Any hit height is negative.

Any type 0 hit has a non-NaN height.

Any type 1 hit has a NaN height.

Any type 2 hit does not have a coincident type 1 hit.

Any type 3 hit does not have a coincident type 2 hit.

ampycloud.utils.utils.tmp_seed(seed: int)

Temporarily reset the numpy.random.seed() value.

Adapted from the reply of Paul Panzer on SO.

Example:

with temp_seed(42):
    np.random.random(1)

ampycloud.utils.utils.adjust_nested_dict(ref_dict: dict, new_dict: dict, lvls: list | None = None) → dict

Update a given (nested) dictionnary given a second (possibly incomplete) one.

Parameters:

ref_dict (dict) – reference dict of dict (of dict of dict …).
new_dict (dict) – values to update as a dict (of dict or dict of dict …)
lvls (list of str, optional) – names of the keys of the parent nested dict layers, used for reporting useful errors. This is used by the function itself when it calls itself. There is no need for the user to set this to anything at first. Defaults to None.

Returns:

dict – the updated dict (of dict of dict of dict …)

Note

Inspired from the reply of Alex Martelli and Alex Telon on SO.

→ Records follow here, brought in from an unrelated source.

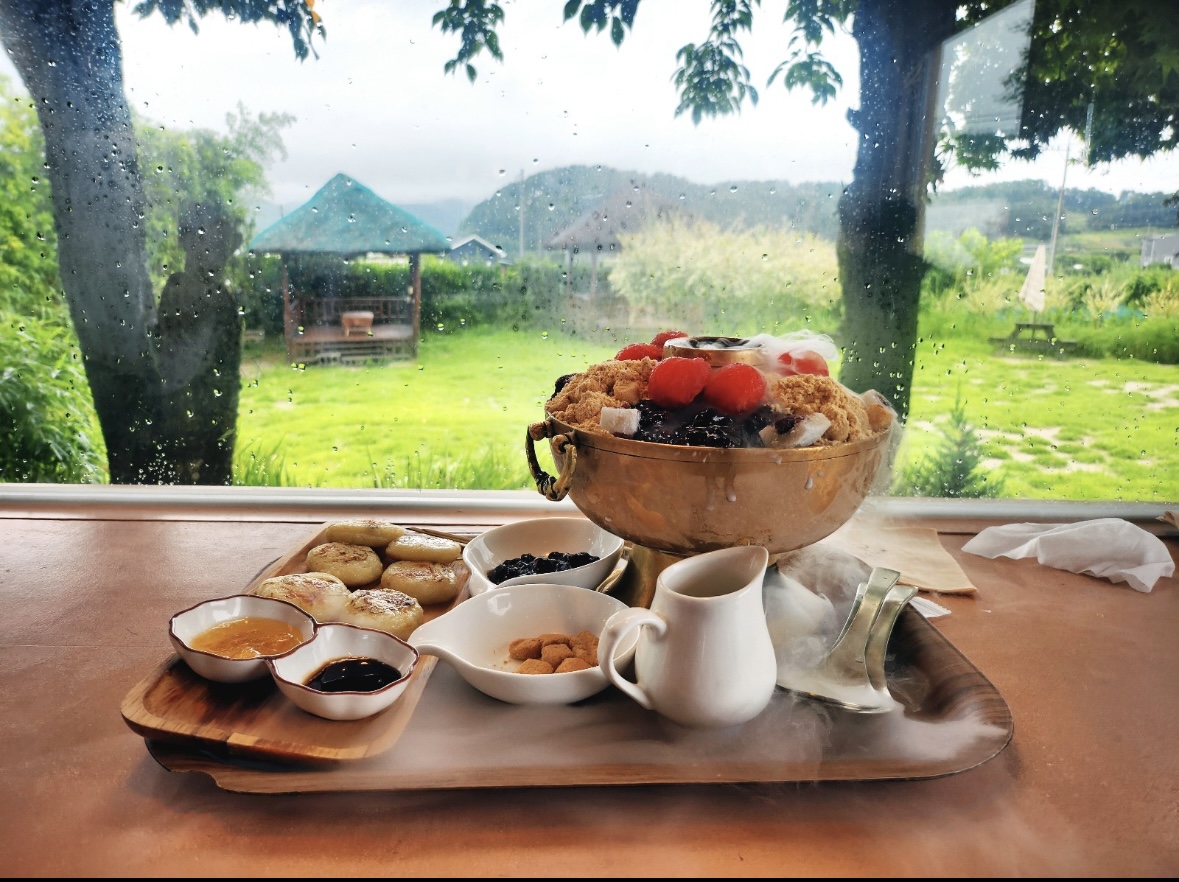 요름이니까 팥빙수~~ 비오는 날 먹으니 더 맛있네요
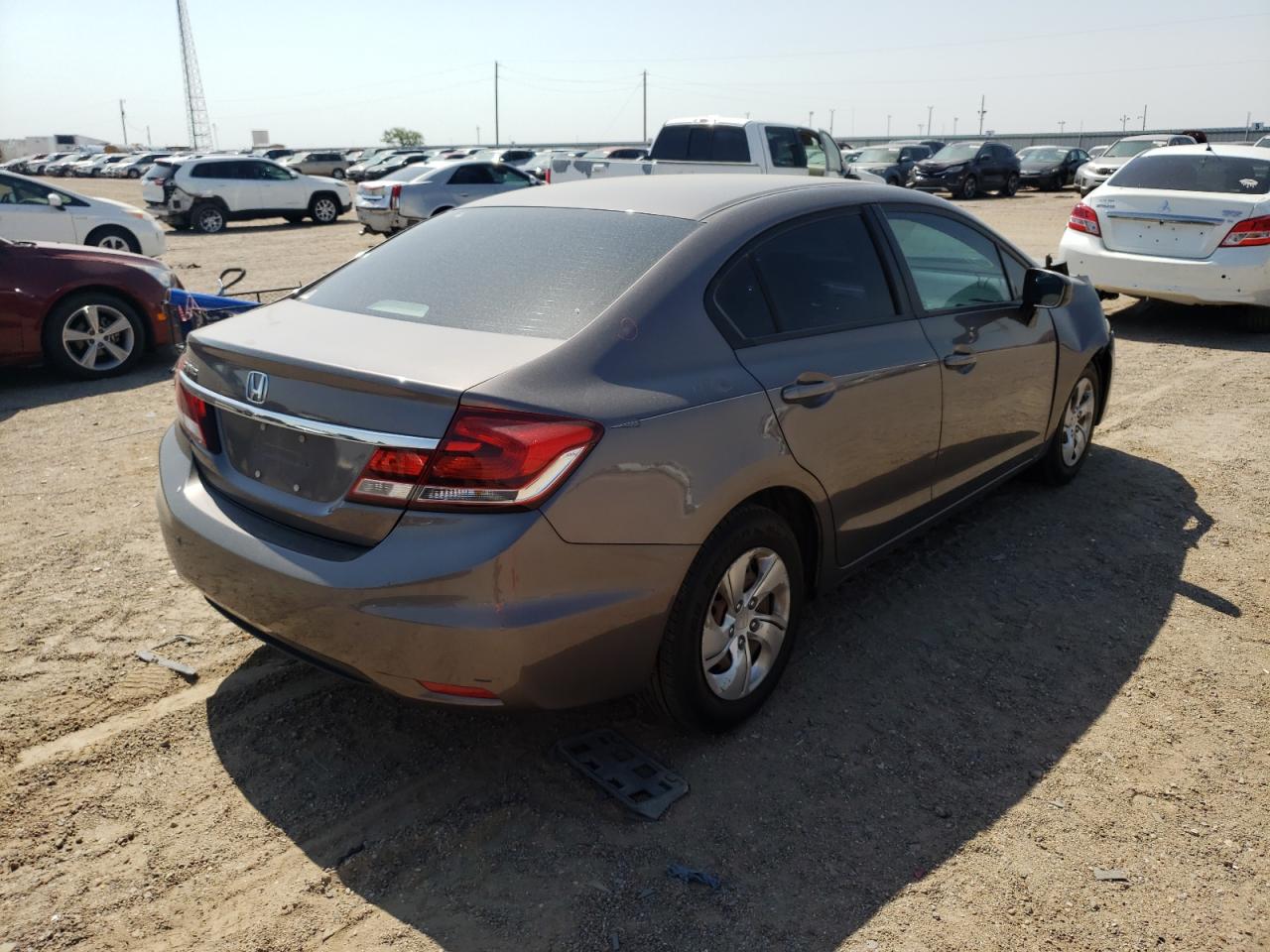 Photo 4 from auction – 2014 HONDA CIVIC LX with VIN 19XFB2F50EE068736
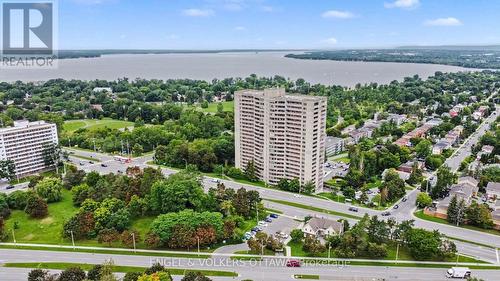 1702 - 415 GREENVIEW AVENUE  Ottawa, ON K2B 8G5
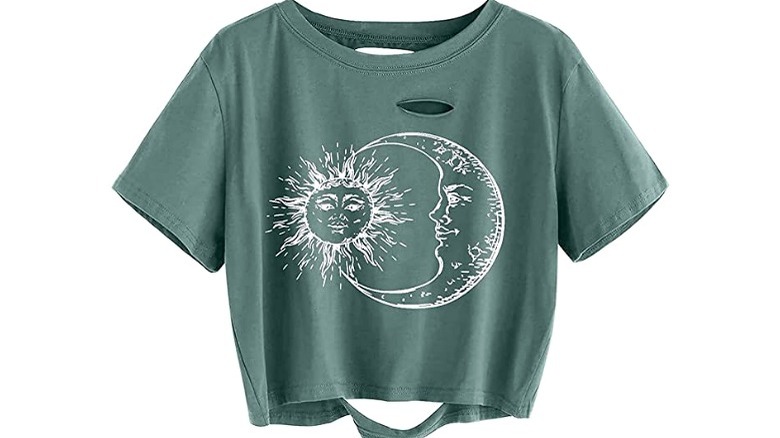 Green cropped t-shirt with sun and moon design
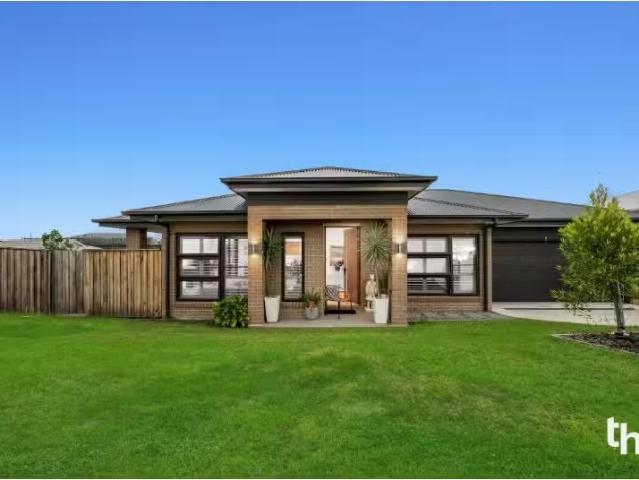 Rental! 3 BR 25 Bidhall Street, Crangan Bay Townhouse for rent.
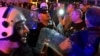 Crnogorska policija blokira ulice tokom protesta u Nikšiću, 13. maja 2020. (Foto: AP) 
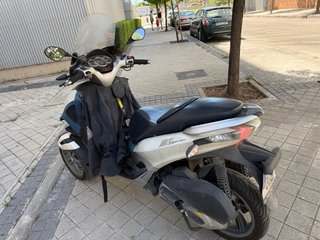 Piaggio MP3 Yourban 300 LT 2014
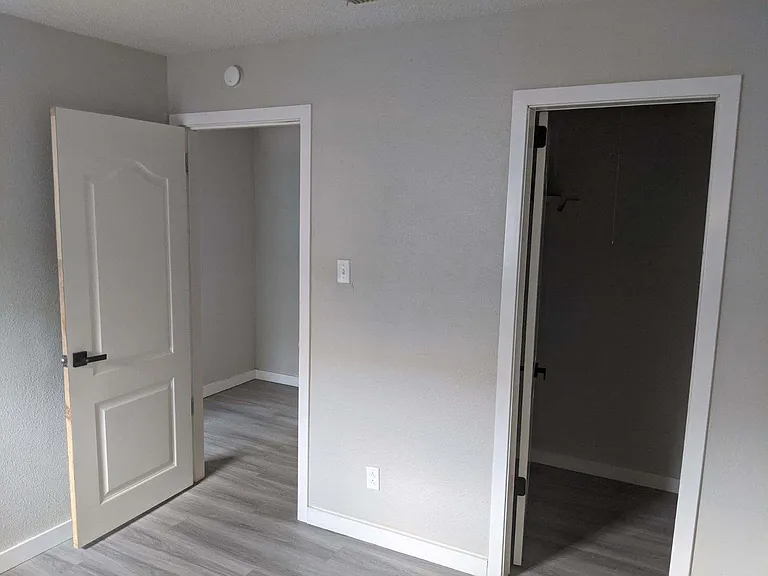 301 Avenue U #201 — Photo 7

ampycloud.utils.utils.calc_base_height(vals: ndarray, lookback_perc: int, height_perc: int) → float

Calculate the layer base height.

Parameters:

vals (npt.ArrayLike) – Ceilometer hits of a given layer. Must be a flat array/ Series of scalars and ordered in time, most recent entries last.
lookback_perc (int) – Percentage of points to take into account. 100% would correspond to all points, 50% to the recent half, etc.
height_perc (int) – Percentage of points that should be neglected when calculating the base height. Base height will be the minimum of the remaining points.

Returns:

float – The layer base height.

Raises:

AmpycloudError – Raised if the array passed to the n_largest percentile calculation is empty.